La garantie pour tout gouvernement progressiste est qu'il soit ouvert à la liberté, qu'il aide le peuple à exercer ses droits et à participer à la conduite des affaires. Alors le peuple sera en mesure de reprendre la lutte contre toutes les institutions vétustes que le progressisme n'a pas réellement changées, encore qu'il ait modifié certaines de leurs conséquences, parce qu'il n'a pas arraché leurs racines les plus profondes.

«Sur le situation en Egypte - 21 Janvier 1956».

 

Quant à nous, nous croyons que la réponse aux atteintes à la liberté et aux falsifications n'est pas de renoncer à la liberté, mais de lutter pour qu'elle soit concrètement appliquée.

«Sur le neutralisme positif. Le Caire - Mars 1957».

 

La démocratie, la démocratie constitutionnelle qui ne s'accompagne pas d'une législation socialiste, est vide de sens et deviendrait vite une arme entre les mains des riches et des grands propriétaires leur permettant de continuer à exploiter le peuple.

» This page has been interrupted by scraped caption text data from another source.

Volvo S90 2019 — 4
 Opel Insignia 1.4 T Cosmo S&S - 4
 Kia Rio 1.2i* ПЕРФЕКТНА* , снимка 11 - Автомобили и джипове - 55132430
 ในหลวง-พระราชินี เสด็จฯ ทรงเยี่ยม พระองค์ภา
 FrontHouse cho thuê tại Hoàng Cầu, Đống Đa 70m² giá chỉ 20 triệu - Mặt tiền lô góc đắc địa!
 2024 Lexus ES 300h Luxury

C'est là une chose que les peuples ont pu vérifier par leur propre expérience.

Il est vrai aussi que la dictature, même si elle s'exerce dans l'intérêt du peuple et au service exclusif du peuple, est un système précaire, mal adapté et se contredisant lui-même; en effet, les réformes réalisées par la dictature courent toujours le risque d'avorter ou d'être remises en cause, étant donné que ce régime ne permet pas au peuple de s'exprimer pleinement et de prendre la défense des réformes réalisées grâce à sa prise de conscience et comme conséquence de son combat.

«La nature du gouvernement en Egypte - Mars 1956».